Sambil menikmati pesanan kulineran di meja utama, live music menghibur dengan lagu² nostalgia yang liriknya pas buat kami. Jeprat-jepret dari kru belum juga berakhir buat kami... semuanya jadi sangat surprise.

Penjelajahan ke GS kuakhiri di ruang yang ada patung Soekarno duduk memegang buku. Di sinilah aku dapat informasi kalau lahan ini milik Soekardi yang menjadi fans berat Ir. Soekarno. Sehingga spot wisata ini dinamakan Goa Soekarno.

Dari GS perjalanan lanjut ke Waru yang masih berada di Kabupaten Pamekasan. Setelah melewati Pasongsongan (Kab. Sumenep) akan ketemu pertigaan Pasean (Kab. Pamekasan) di utara Pulau Madura.


To WARU

Jalanan di utara Pulau Madura ini sangat lengang. Kendaraan yang lewat cuma sedikit. Dari pertigaan Pasean ke daerah Pasar Waru sekitar setengah jam aja sudah sampai. Kami singgah silaturahim ke saudara dua pupu (sepupu 2 X) melepas kangen dan disuguhi 'kaldu kokot' yakni kaldu kaki sapi yang maknyus rasanya.

Perjalanan tetap harus dilanjutkan. Dari Waru sekarang menuju Air Terjun Toroan 'ATT' yang ada di pantai utara Pulau Madura tepatnya dekat kota kecil Ketapang Kabupaten Sampang.

Air terjun ini airnya deras ketika musim hujan. Kami kesana pas musim kemarau, tapi airnya tetap mengalir meski curahannya tidak begitu besar. Ada dua grojokan di sini, yang besar dan yang kecil, letaknya bersebelahan.
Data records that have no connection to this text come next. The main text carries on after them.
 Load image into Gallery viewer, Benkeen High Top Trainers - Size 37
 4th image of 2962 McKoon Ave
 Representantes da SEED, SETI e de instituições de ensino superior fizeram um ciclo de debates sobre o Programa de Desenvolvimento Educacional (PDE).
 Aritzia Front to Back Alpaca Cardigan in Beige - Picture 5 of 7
ATT berada di antara tepi jalan Ketapang dan di pesisir pantai. Curahan air terjun jatuh ke telaga kecil langsung mengalir ke laut di sebelahnya. Warna airnya kehijauan menyegarkan dan pantainya indah apalagi pas sunset tiba. Tiket masuk 3 ribu plus parkir sepeda motor 5 ribu rupiah.

Lanjut mang... selepas dari ATT langsung ke Surabaya lewat Arosbaya, Bangkalan, Suramadu dan Surabaya. Sebagai malam terakhir eksplor Pulau Madura ini kami menginap di hotel bintang 2 (Hotel Pop) di Jl. Waspada. Kami dapat harga promo dengan fasilitas yang rekomendit buat traveler.
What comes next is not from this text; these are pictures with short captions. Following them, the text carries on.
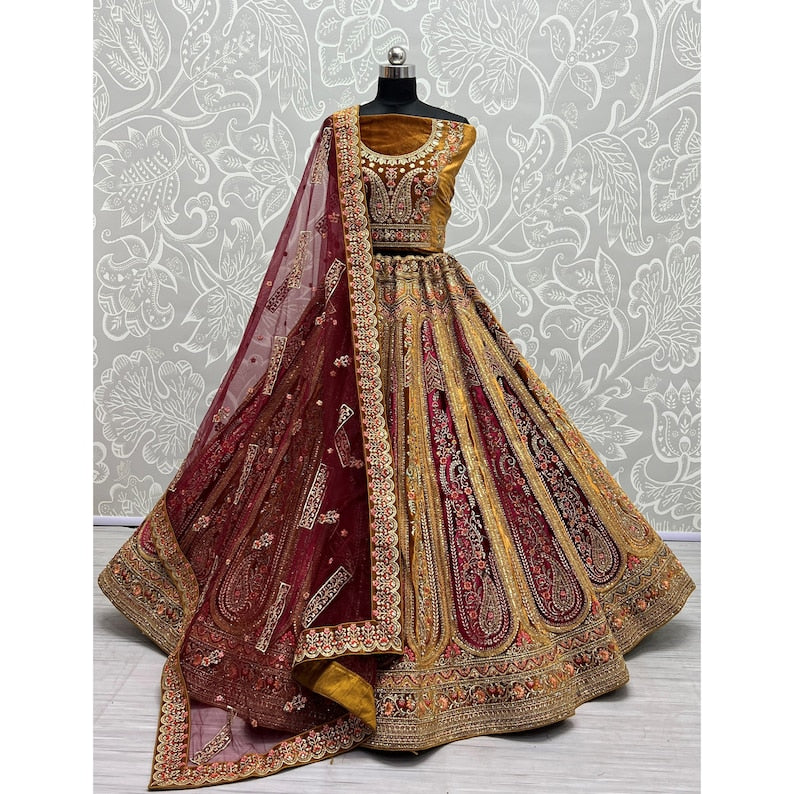 Women's Designer Heavy Dynamic Velvet Bridal Wedding Lehenga Choli
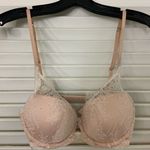 Victoria's Secret 32C victoria secret Creme lace eyelet lace bra Photo 0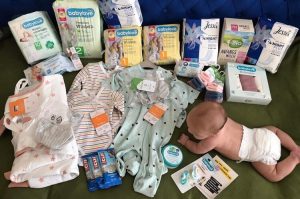 Молоді батьки можуть отримати гуманітарний набір для дитини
Esoknya eksplor bagian kota lama Surabaya yakni Jalan Panggung. Lantas menikmati menu Nasi Kebuli dan Sinom (semacam minuman herbal) di Jl. KH. Mas Mansyur. Akhirnya trip ini kami tutup lalu cus ke Kota Malang sebagai base camp kami. Kesimpulannya, trip kami lakukan by sepeda motor 110 cc bersama istri dari Kota Malang ke Pulau Madura plus Pulau Talango berkeliling selama 7 hari menempuh tidak kurang dari 500 km. Alhamdulillah ... kami masih diberi kesehatan dan keselamatan sehingga bisa menulis kisah perjalanan ini.